01 October 2006

Want power for a motor condition monitoring sensor? Forget batteries. Try these

The vision of wireless sensor networks is warmly embraced by many control vendors and condition-based maintenance personnel in industrial plants. What they’re not so happy about is the prospect of deploying thousands of batteries and then changing them, every few months, to make the communications work.

Roy Freeland, chief executive at U.K. startup company Perpetuum Ltd., (www.perpetuum.co.uk) thinks he has the answer. He calls it ‘vibration energy harvesting.’

A Cambridge graduate engineer who has run several technology-based companies (Meggitt Electronics,
Bowthorpe (Spirent), and United Industries), Mr. Freeland has taken charge of the company, originally spun out of Southampton University. In the past year the microgenerator was vastly improved, important trial contracts were signed (U.S. Navy, Yorkshire Water in the U.K., and an ‘international oil company’), and early this year an additional $4 million in new investment was secured. Things are looking up.

The idea of generating electricity from vibrations has been around for at least a decade, but most of the early devices, based on the piezoelectric effect, produced only a few microwatts. Perpetuum’s simple electromechanical device generates power in the low milliwatt range. The microgenerator uses a coil positioned between four permanent magnets (shown in red in the diagram), which are at the end of a
cantilever beam. Vibration causes the magnets to bounce up and down and generates electricity according to the Faraday effect. The ac current from the coil is rectified through a power conditioning circuit and stored in capacitors, which are discharged when needed to power something, like a sensor or a wireless transmitter.

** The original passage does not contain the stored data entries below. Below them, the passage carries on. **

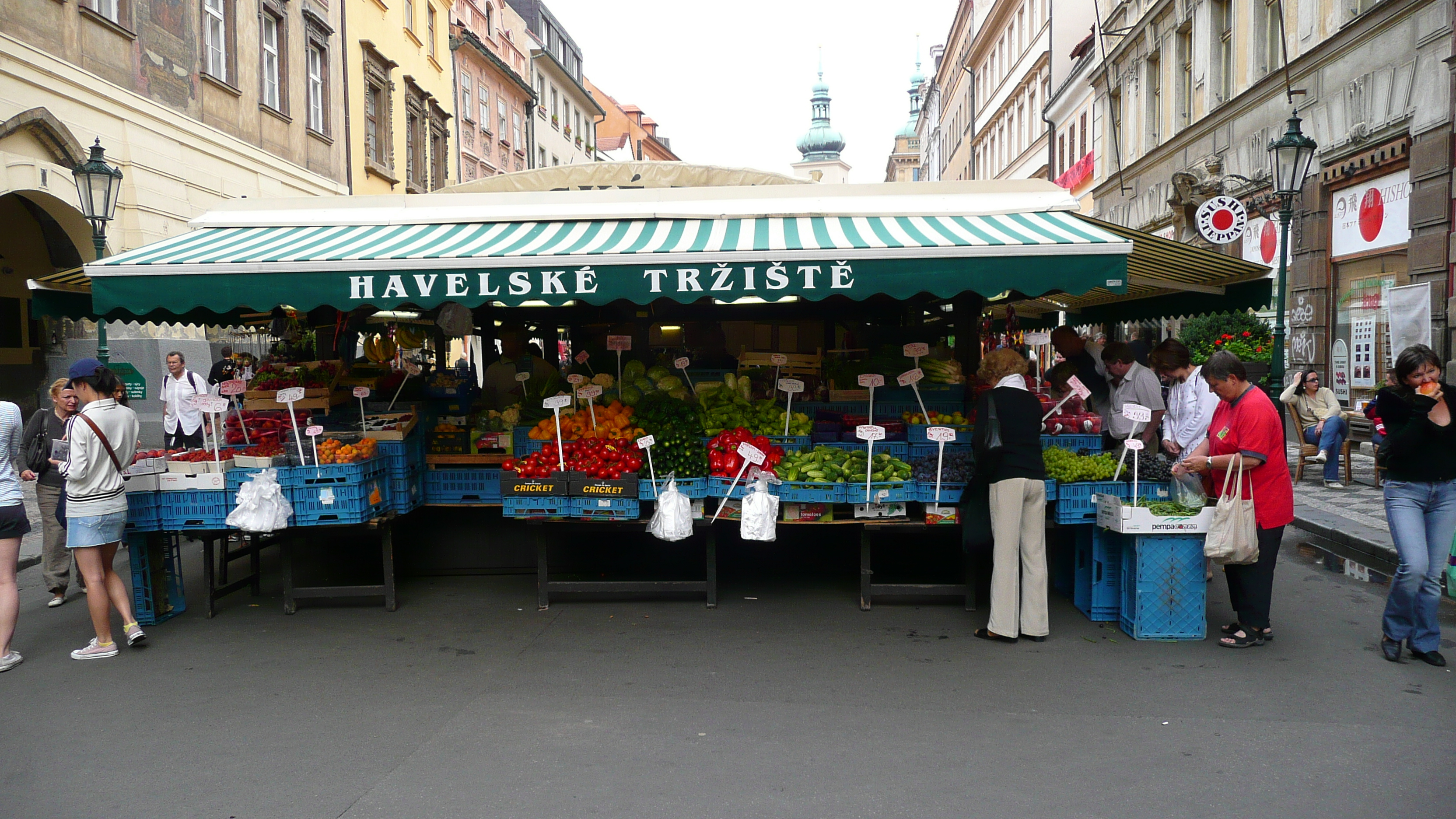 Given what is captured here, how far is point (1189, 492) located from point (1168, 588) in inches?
25.1

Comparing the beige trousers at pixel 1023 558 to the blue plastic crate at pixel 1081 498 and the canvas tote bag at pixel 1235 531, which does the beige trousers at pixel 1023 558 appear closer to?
the blue plastic crate at pixel 1081 498

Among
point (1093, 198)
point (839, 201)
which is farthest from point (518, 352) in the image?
point (1093, 198)

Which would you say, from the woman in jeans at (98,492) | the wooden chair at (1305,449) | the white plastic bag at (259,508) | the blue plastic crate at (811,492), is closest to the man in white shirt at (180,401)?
the white plastic bag at (259,508)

The key patent in the device, the PMG7, is the sprung beam that supports the magnets. It is designed to resonate at the motor’s 50 or 60 Hz and produce the greatest amounts of electricity at these points. Users can ‘tune’ the microgenerator with a screwdriver to achieve maximum current output. The next generation PMG17 is designed to be much less dependent on the 50/60 Hz motor frequencies.

As surprising as it seems, even the smoothest running motor produces enough kinetic energy through vibration to power the microgenerator. The minimum is 25 mg (where g is the gravitational force, not grams), to generate electricity sufficient to power a sensor and transmitter. At 100 mg Perpetuum says it can produce 5 mW at 3.3 volts. For temperature sensing there is enough power to transmit a value several times a second; a 6,000 byte vibration spectrum might be transmitted every 20 to 30 minutes. By comparison, the life of one (3.5Whr) AA battery at 1mW output is about 4 months.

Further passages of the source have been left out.